▸ **GOAL OF THE EXERCISE**
Only the lines from the one that contains "Miniatura 10 de" to the last line below, both included, should be transcribed. Pictures stay out of the copy.

▸ **MATERIAL FOR THIS EXERCISE**

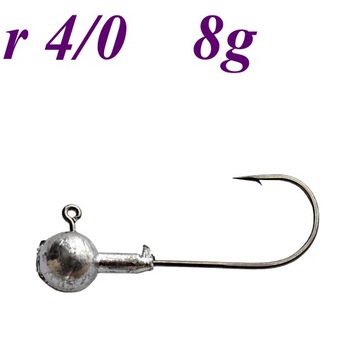 ДЖИГ-ГОЛОВКА Черный никель 8 г КРЮЧОК 4/0 ЯПОНСКИЙ КРЮЧОК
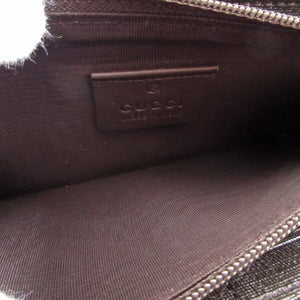 新品同様 グッチ 307982 GGスプリーム レザー ベージュ ブラウン 茶 ラウンドファスナー長財布 財布 0415【中古】GUCCI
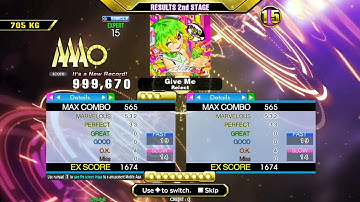 [DDR A3] Give Me (ESP-15) 999,670 PFC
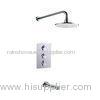 2 Way Thermostatic Shower Valve With Overhead Shower Head / Bath Spout Set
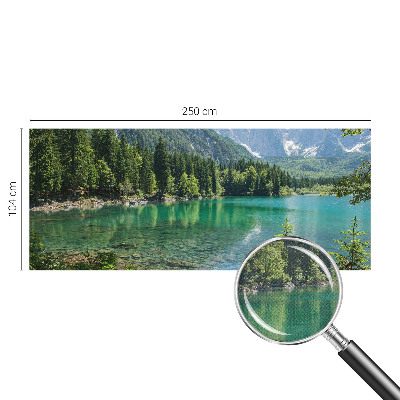 Stick-on wall mural with a green lake motif
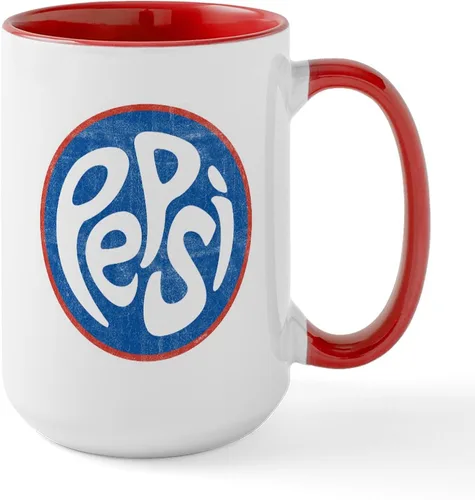 Miniatura 10 de CafePress Pepsi - Taza de café de cerámica (15.0 fl oz)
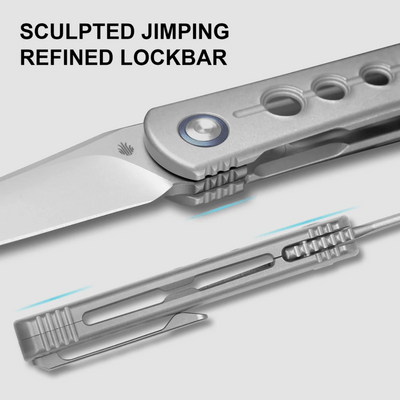 Kizer Feist 2 X Series M390 Titanium - KNIFESTOCK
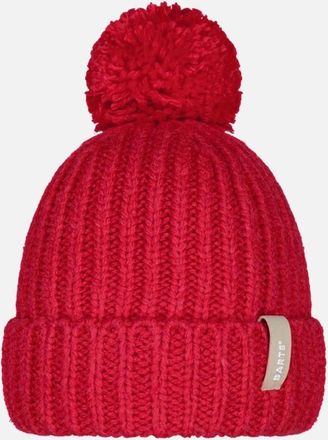 Barts Womens Barts Womens Joansy Curffed Pom Pom Bobble Hat - Red - Size: ONE size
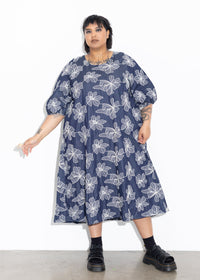 Ronnie Dress - Chambray Embroidery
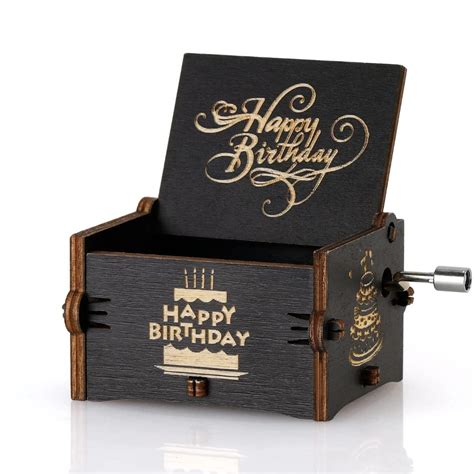 Buy Zesta Hand Crank Music Box,Wooden Musical Toy/Vintage Hand Crank ...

▸ **RESULT OF THIS EXERCISE**
 Miniatura 10 de CafePress Pepsi - Taza de café de cerámica (15.0 fl oz)
 Kizer Feist 2 X Series M390 Titanium - KNIFESTOCK
 Barts Womens Barts Womens Joansy Curffed Pom Pom Bobble Hat - Red - Size: ONE size
 Ronnie Dress - Chambray Embroidery
 Buy Zesta Hand Crank Music Box,Wooden Musical Toy/Vintage Hand Crank ...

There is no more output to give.